Bilal hidup bersama Rasulullah saw dan selalu mengumandangkan Adzan unutk sholat, dan menghidupkan syi’ar agama ini yang telah mengeluarkannya dari kegelapan kepada cahaya, dari perbudakan pada kemerdekaan, hingga setiap hari kedekatan Bilal dengan Rasulullah saw kian bertambah yang mana beliau (Rasulullah saw) pernah mensifatinya dengan calon penghuni surga, namun demikian beliau tetap seperti biasa, Bilal yang ramah, sopan tidak pernah merasa dirinya lebih baik dari sahabatnya yang lain.

Suatu hari, Bilal pergi bermaksud meminang dirinya dan saudaranya kapada dua wanita, lalu berkata kepada kedua orang tuanya : “Saya adalah Bilal dan ini adalah saudara saya, seorang hamba dari Habsyah, kami pernah tersesat namun kemudian mendapatkan hidayah dari Allah, kami tadinya seorang hamba kemudian Allah memerdekakan kami, jika engkau menikahkan kami maka segala puji hanyalah untuk Allah, namun jika ditolak maka tidak ada daya dan upaya kecuali karena Allah”. Akhirnya mereka dinikahkan.

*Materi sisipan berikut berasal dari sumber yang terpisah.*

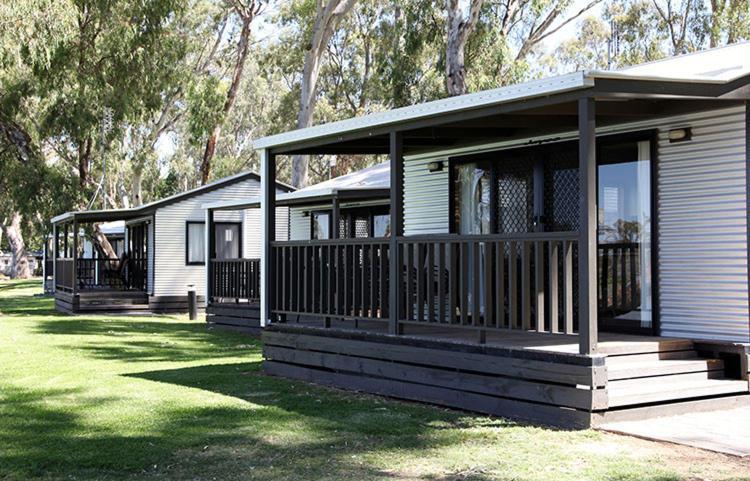 Cohuna Waterfront Holiday Park Exterior foto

Bilal –semoga Allah meridloinya- merupakan seorang hamba yang taat, wara’, tekun beribadah, nabi pernah bersabda kepadanya setelah sholat subuh : “Ceritakan kepada saya perbuatan apa yang telah engkau lakukan dalam Islam, karena sesungguhnya pada suatu malam saya mendengar suara sendal kamu berada di pintu surga”, Bilal berkata : “Saya tidak melakukan sesuatu apapun yang lebih baik melainkan saya tidak pernah bersuci dengan sempurna pada setiap saat; baik malam dan siang hari kecuali saya melakukan sholat sebagaimana yang ditentukan untuk saya melakukan sholat”. (Al-Bukhari).

Bilal sangat sedih saat kepergian Nabi saw, dan beliau merasa tidak bisa tinggal di Madinah setelahnya, maka beliaupun meminta kepada khalifah Abu Bakar pergi ke Syam untuk berjihad di jalan Allah, dan menyebutkan hadits Rasulullah saw : “Seutama-utama perbuatan orang yang beriman adalah Jihad di jalan Allah”. (At-Thobroni). Kemudian Bilal pergi ke negeri Syam, lalu berjiahd disana hingga wafat –semoga Allah meridolinya-.